Cover of the bulletin (June 1988).
Source: Nature Society (Singapore) website

Stranger Danger

Another whimsical piece that was part of the SVC in 1986 was an educational film for children performed using hand puppets. Siblings Jack and Jill teach one another about stranger safety and crime prevention. Stranger Danger was produced and filmed by 20-year-old Gilbert Yap, who came from a family of videomaking buffs. Working as an assistant video producer at one time, he helped the Crime Prevention Branch record a live puppet contest. He became attracted to the story told in poetry form that warned children to beware of strangers. He decided to produce the film for the competition with the help of five girls from the Methodist Girls’ School.

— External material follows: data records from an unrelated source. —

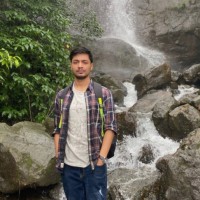 Gaurav Choudhary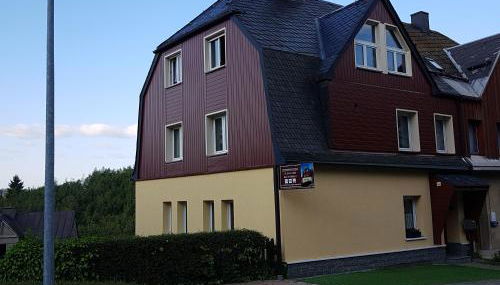 Ferienwohnung mit Garten und Spielplatz - Foto 2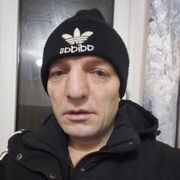 ���������� �����������, ���� ������� �������, 47 ���, ������������ ��� c�������� ���������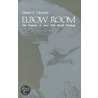 Elbow Room door Daniel Clement Dennett
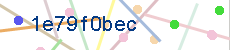código captcha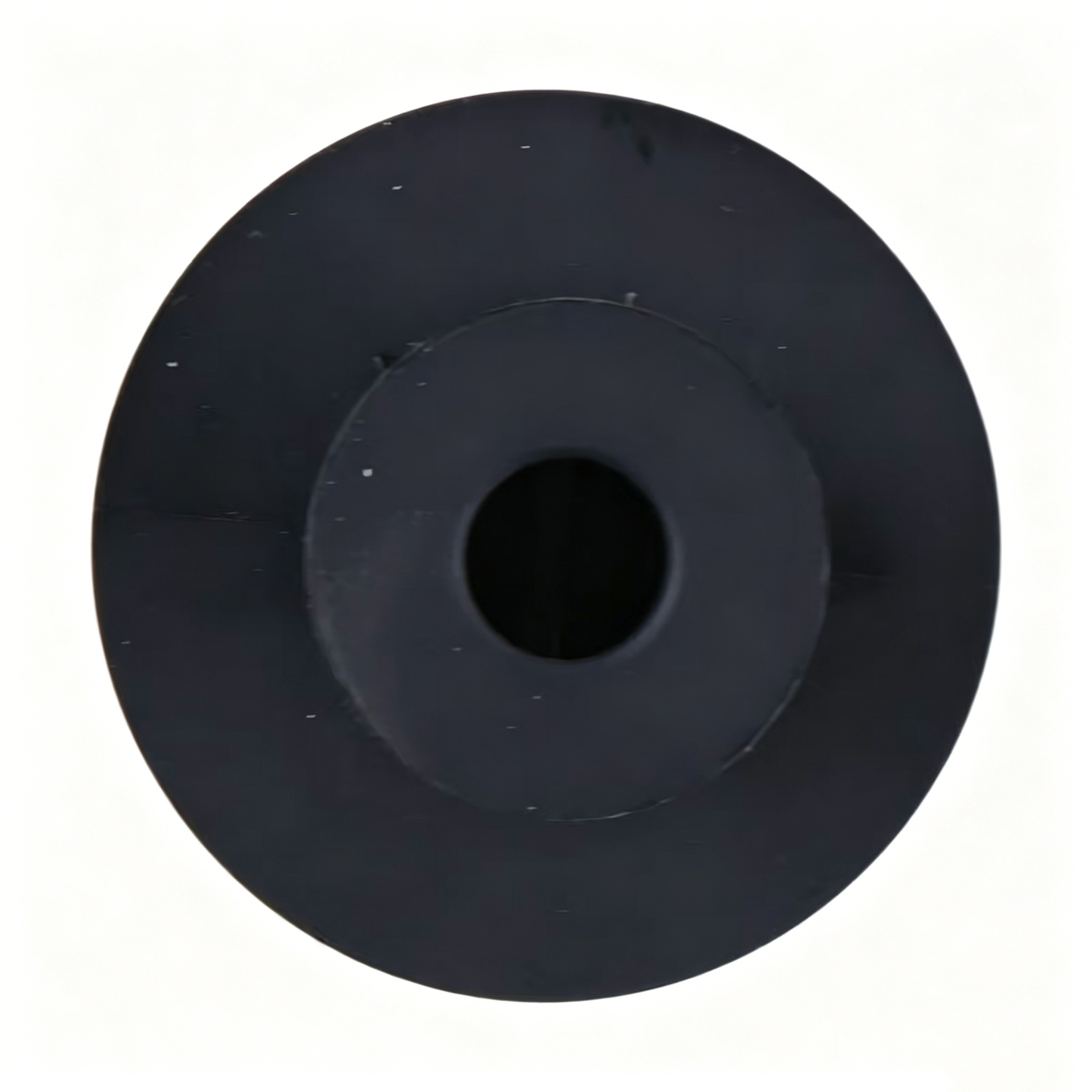 Hydraulic Filter 9831643 for Linde Forklift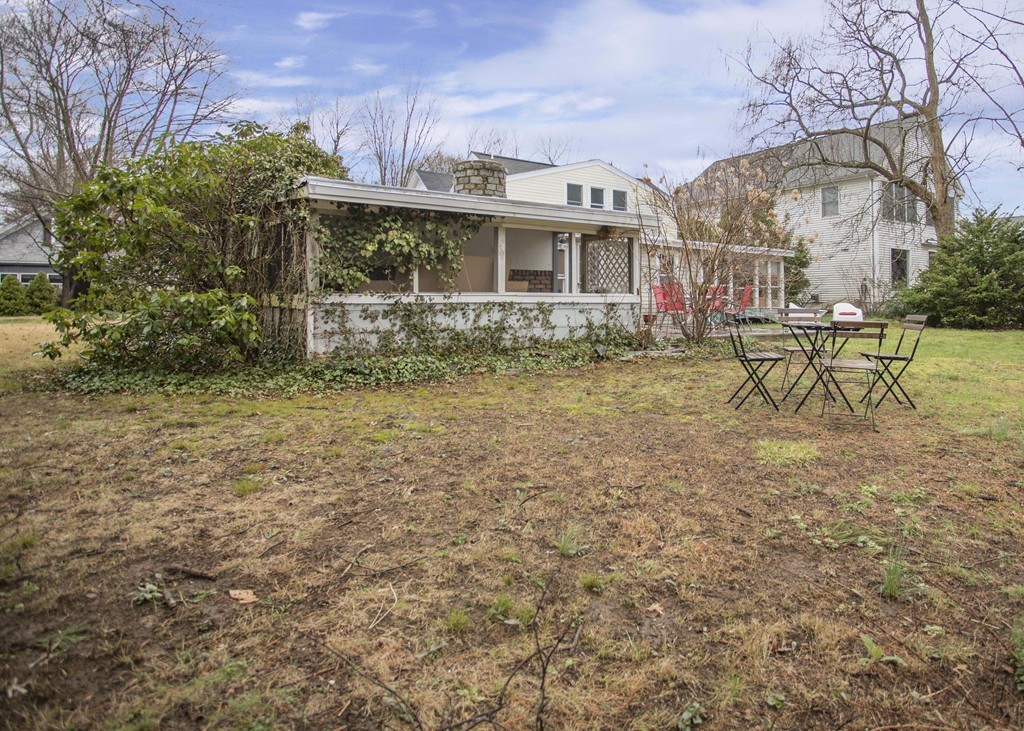 29 Water Street Natick, MA 01760 - Photo 22 of 24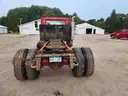1998 International 4900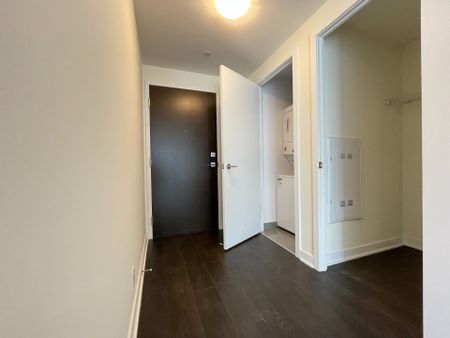 For Lease - 2221 Yonge Street Unit# 4405, Toronto, Ontario - Photo 5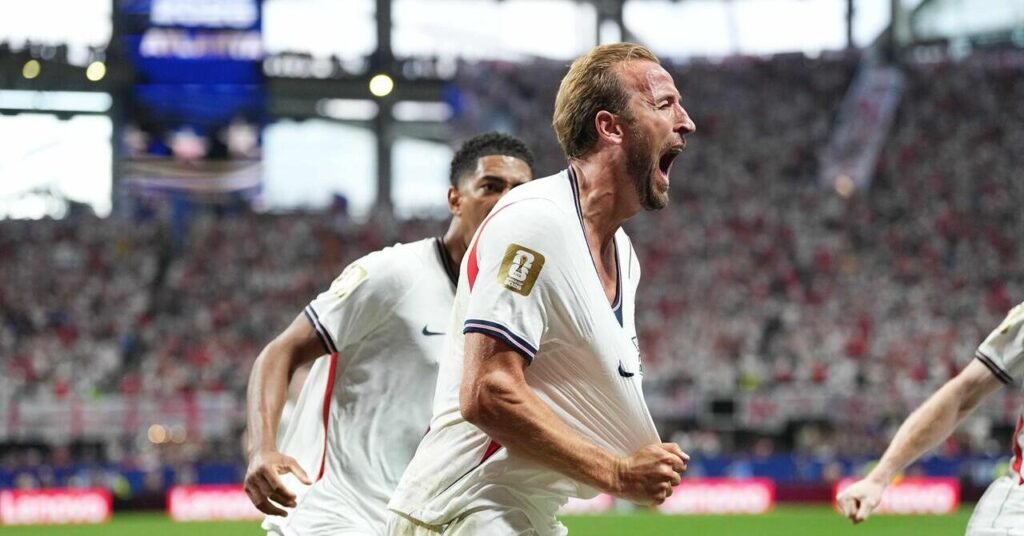 Mexico v England: Commentary, updates, goals and stats as Three Lions look to clinch World Cup quarter-final spot Mexico v England: Commentary, updates, goals and stats as Three Lions look to clinch World Cup quarter-final spot
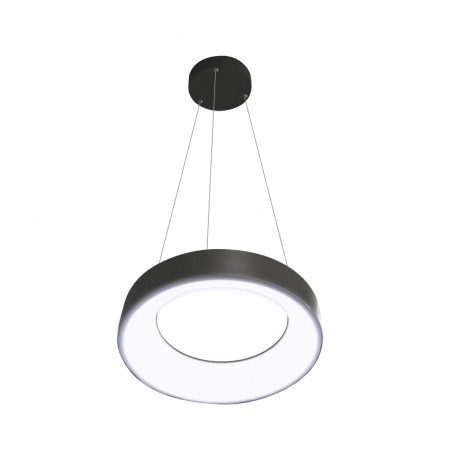Lámpara de techo LED Lyn (30W)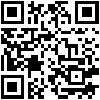 https://lib.uofallujah.edu.iq/ar/node/33177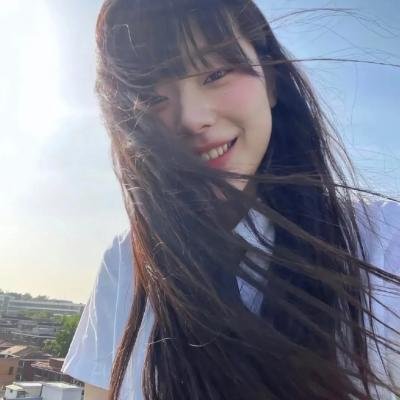 谣言的女人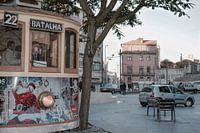 Porto 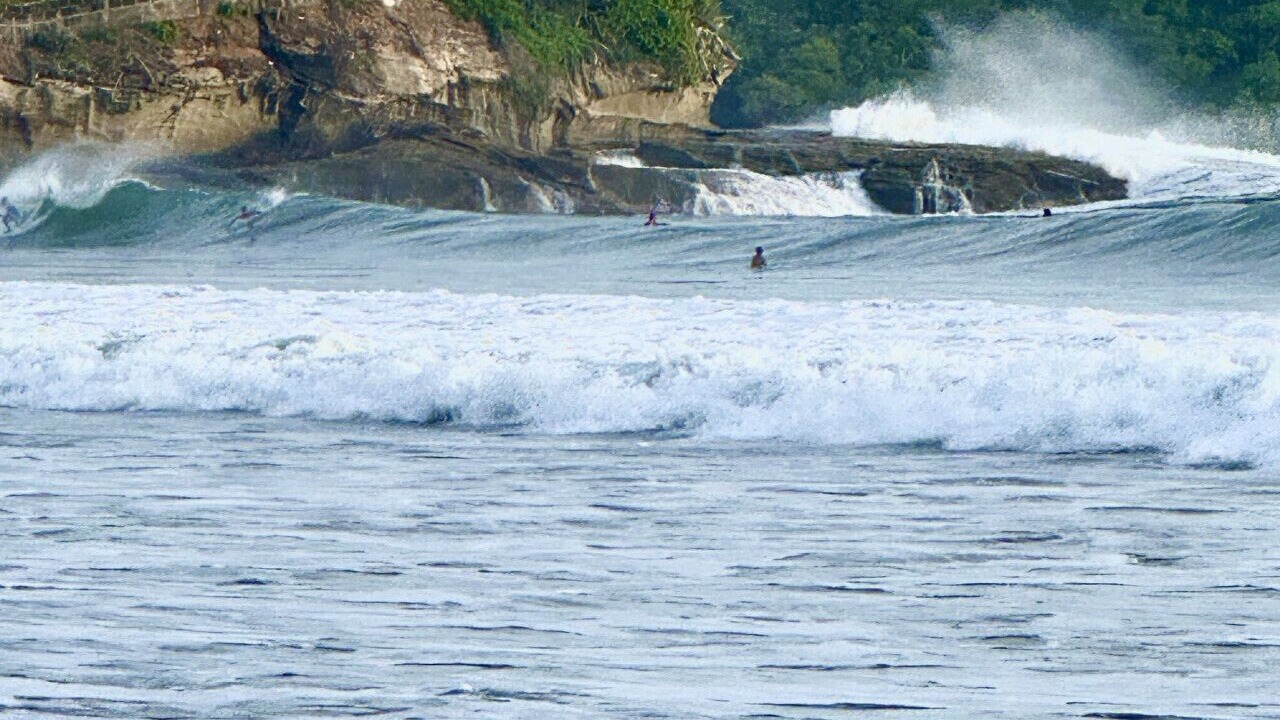 Photo of Others in El Gigante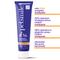 Show in main carousel: Petsmile Professional Say Cheese Flavor Dog & Cat Toothpaste, 4.2-oz tube slide 5 of 7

Snow White and the Seven Dwarfs
Speaking of the family of videomaking buffs, Snow White and the Seven Dwarfs – a winning entry of SVC 1985 was produced by Gilbert Yap’s 15-year-old sister, Belinda Yap, the year before Stranger Danger. Quaintly narrated and thoughtfully weaved with stock footage, the short film is a creatively homemade, truncated live-action interpretation of Walt Disney’s 1937 same-titled animated film. Belinda shared that she had been inspired by a live staging of Snow White by her schoolmates at Marymount Convent School and decided to make a film of it. Featuring an all-female cast from Secondary Class 3A and proving no story is too big to tell, this film is one of my personal favourites from the collection, for being audacious and made with heart.

Screenshots from Snow White and the Seven Dwarfs (1986). Parts of the narration and dialogue is reminiscent of the 1937 Walt Disney film. The girls from Marymount Convent School made the most with the DIY props and costumes.

As I was finalising the line-up for the programme, I chanced upon some other entries on the National Library’s catalogue that revealed several standalone titles associated to the names that I recognised to be the SVC participants, but which the provenances remain unknown. This will hopefully open the doors for more discoveries to be made of the films from the relatively unknown local film history of the 1980s.

Like uncovering tiny time capsules tucked within the crevices, it was a pleasure to experience these humble creations forged through personal memories and friendships, and to witness the camaraderie in the common pursuit of inspiration.